With pictures left out, retype exactly the lines from the one containing "721 W Cherrywood Dr-19" through the final line of the entries.
━━ Available data ━━
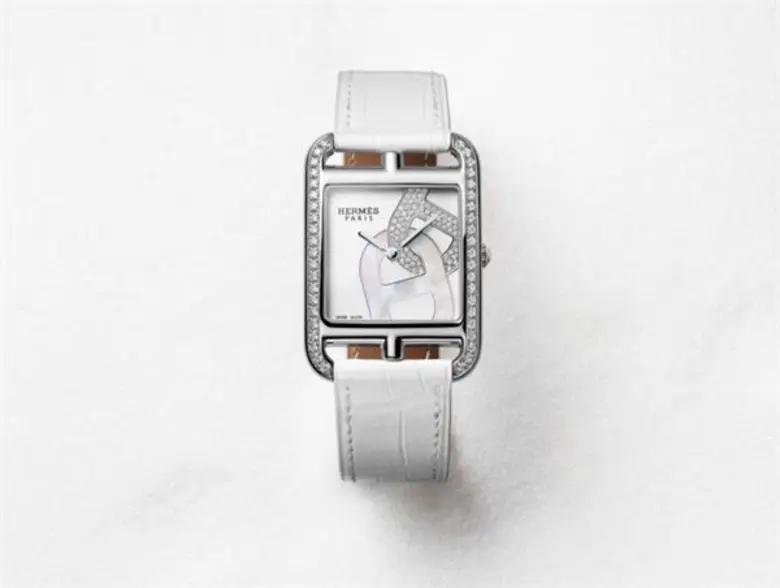 (Hermes Horloger): เรือนเวลาเคปคอด แชน ดองคร์ (Cape Cod Chaine d'ancre)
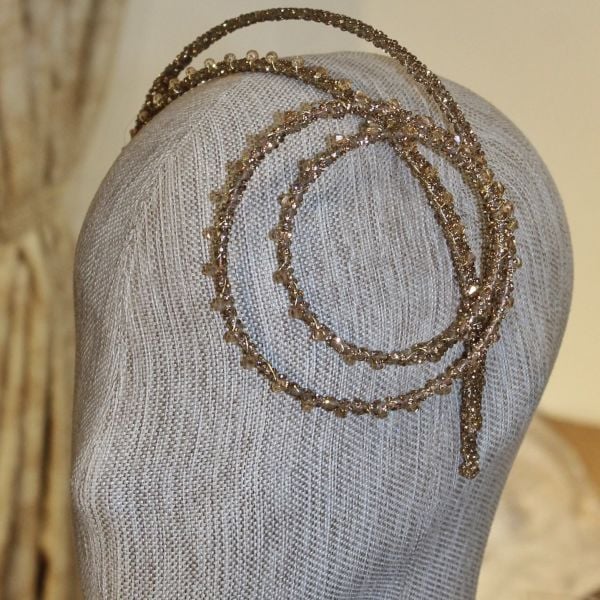 GOLD RENK JENNİFER TAÇ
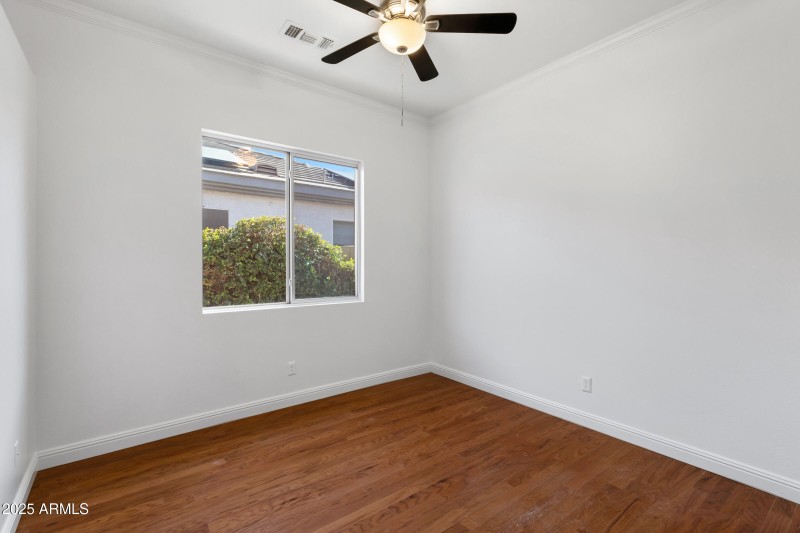 721 W Cherrywood Dr-19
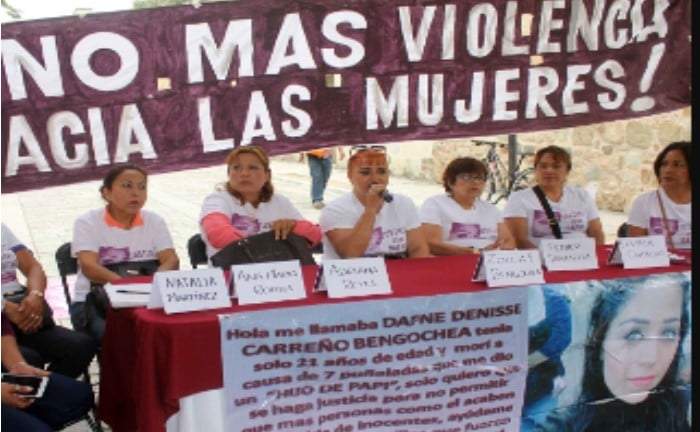 Las cifras de feminicidios contrastan con el discurso oficial del gobernador Salomón Jara Cruz, señalan grupos de defensa de mujeres violentadas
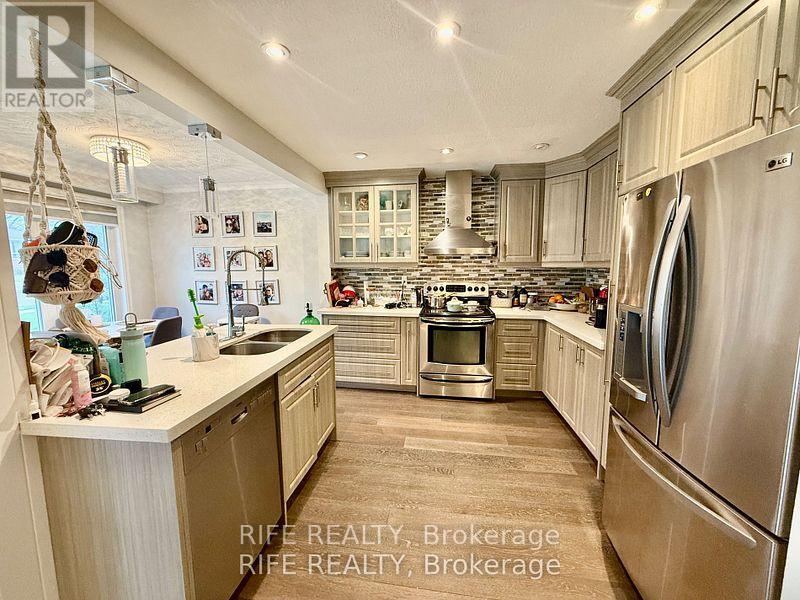 38 Aurora Heights Drive, Aurora, Ontario  L4G 2W7 - Photo 2 - N12553292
━━━
| Answer space |
 721 W Cherrywood Dr-19
 Las cifras de feminicidios contrastan con el discurso oficial del gobernador Salomón Jara Cruz, señalan grupos de defensa de mujeres violentadas
 38 Aurora Heights Drive, Aurora, Ontario  L4G 2W7 - Photo 2 - N12553292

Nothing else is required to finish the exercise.